Namaste

namasteWhen I ask people if they know what the word namaste means, most know this as the closing blessing of a yoga class.  And while this is generally true, that’s not the most important thing to know about the word, nor does it give you true indication of what the meaning is, or why someone might say it to you.

There are many different ways I have seen namaste defined, but most commonly and simply, it means:  “The divine light in me honors the divine light in you.”  It is an acknowledgment of respect for another and their unique energy and presence.  You might have seen people use it as a gesture of thanks, welcome or gratitude, paired with joining both hands over the heart, palms together, with fingers pointed to the sky.  For whatever reason, I have always found it to be a very graceful, peaceful way for two people to acknowledge each other, whether as equals or as teacher and student.

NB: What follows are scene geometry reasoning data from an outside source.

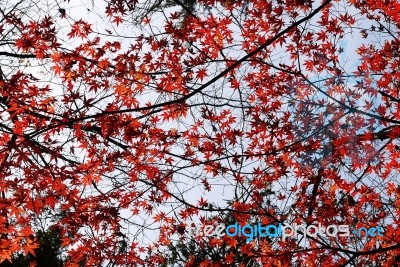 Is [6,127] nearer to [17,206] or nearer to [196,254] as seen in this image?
[17,206]

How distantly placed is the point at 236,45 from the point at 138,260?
13.0ft

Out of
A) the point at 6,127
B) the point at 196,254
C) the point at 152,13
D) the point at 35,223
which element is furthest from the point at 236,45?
the point at 196,254

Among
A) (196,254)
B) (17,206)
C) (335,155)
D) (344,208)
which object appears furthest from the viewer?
(196,254)

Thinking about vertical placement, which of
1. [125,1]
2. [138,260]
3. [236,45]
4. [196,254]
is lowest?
[138,260]

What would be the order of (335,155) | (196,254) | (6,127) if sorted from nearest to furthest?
(6,127) → (335,155) → (196,254)

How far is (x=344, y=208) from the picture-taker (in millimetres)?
6070

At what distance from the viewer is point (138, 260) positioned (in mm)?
6699

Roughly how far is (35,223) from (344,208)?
4.62 m

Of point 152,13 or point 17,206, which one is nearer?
point 17,206

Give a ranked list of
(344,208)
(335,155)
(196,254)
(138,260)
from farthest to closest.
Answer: (196,254)
(138,260)
(344,208)
(335,155)

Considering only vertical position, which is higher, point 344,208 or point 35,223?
point 344,208

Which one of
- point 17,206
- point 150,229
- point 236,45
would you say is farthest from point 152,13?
point 17,206

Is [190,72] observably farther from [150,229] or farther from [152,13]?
[150,229]

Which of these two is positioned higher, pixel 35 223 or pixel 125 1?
pixel 125 1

Five years ago, I didn’t know what the word meant.  I hadn’t had people in my life that regularly used this acknowledgement of another, and I really thought it was just something that yoga teachers and students said.  So when I learned the true meaning, I was quite taken with it.  But interestingly, at nearly the same time, I had someone tell me that namaste was a word that you had to “earn” the right to say…..that you had to have achieved a certain level of spiritual mastery to be able to say it or to sign an e-mail with it.  I found this completely baffling, and contrary to what I understood the meaning to be in the first place!  While I knew namaste to be an acknowledgement of another that is free of ego, this seemed to be an opinion that was full of ego and elitism!

So I made it a personal mission to make sure that I really understood what this word meant, to me and to other people.  What became clear to me was that for the majority of people, they really felt the connection to the energy of honoring another person….to acknowledge that they “see” them and meet them as an equal divine being.  Beautiful.  But I soon realized that it wasn’t that part of this word that I connected to, but instead, the honoring of the divine light in myself.

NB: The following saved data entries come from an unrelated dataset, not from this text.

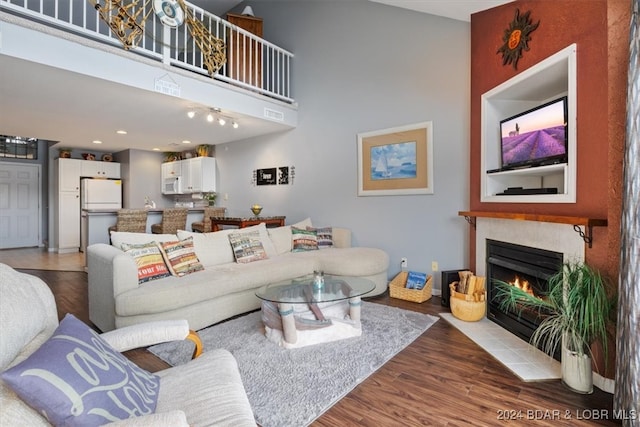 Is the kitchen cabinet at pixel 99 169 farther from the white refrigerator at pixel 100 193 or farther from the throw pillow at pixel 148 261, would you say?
the throw pillow at pixel 148 261

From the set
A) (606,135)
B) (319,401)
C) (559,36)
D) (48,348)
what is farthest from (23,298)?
(559,36)

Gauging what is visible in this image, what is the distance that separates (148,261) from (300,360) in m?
1.58

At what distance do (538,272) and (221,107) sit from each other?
3.78 meters

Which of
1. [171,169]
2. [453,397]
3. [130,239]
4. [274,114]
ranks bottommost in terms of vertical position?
[453,397]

It has always been easy for me to see the divine in others.  I see the beauty and talents that others have that awe and move me, so saying namaste to another had always been about that for me.  I ultimately realized that the real gift was for me to see and honor the divine in ME.  I am just like so many of us who see our own flaws first, and don’t see the divinity in every detail of who we are.  So acknowledging the divine in myself was more challenging.  But I am working on it, and see the perfection and value in the honoring of all aspects of Self, and striving to see that divinity every day.

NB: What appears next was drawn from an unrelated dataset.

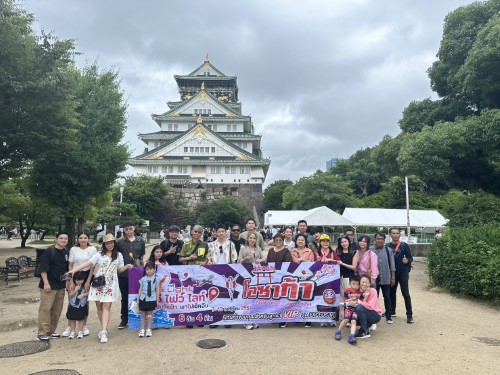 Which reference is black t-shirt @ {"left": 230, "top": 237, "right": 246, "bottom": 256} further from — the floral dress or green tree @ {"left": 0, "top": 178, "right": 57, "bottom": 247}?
green tree @ {"left": 0, "top": 178, "right": 57, "bottom": 247}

In January of 2014, I “saw” a tattoo of the word namaste in my third eye and realized that I wanted to have a reminder of it in the form of a tattoo.  And when my daughter called me less than a week later to tell me she was thinking about getting a tattoo, I knew that it was time.  With a bit of nervous trepidation, I got my Namaste tattoo on the inside of my ankle and I love it. After so much reflection on the word Namaste, it has special meaning to me and my tattoo reminds me each day to honor the divinity in myself.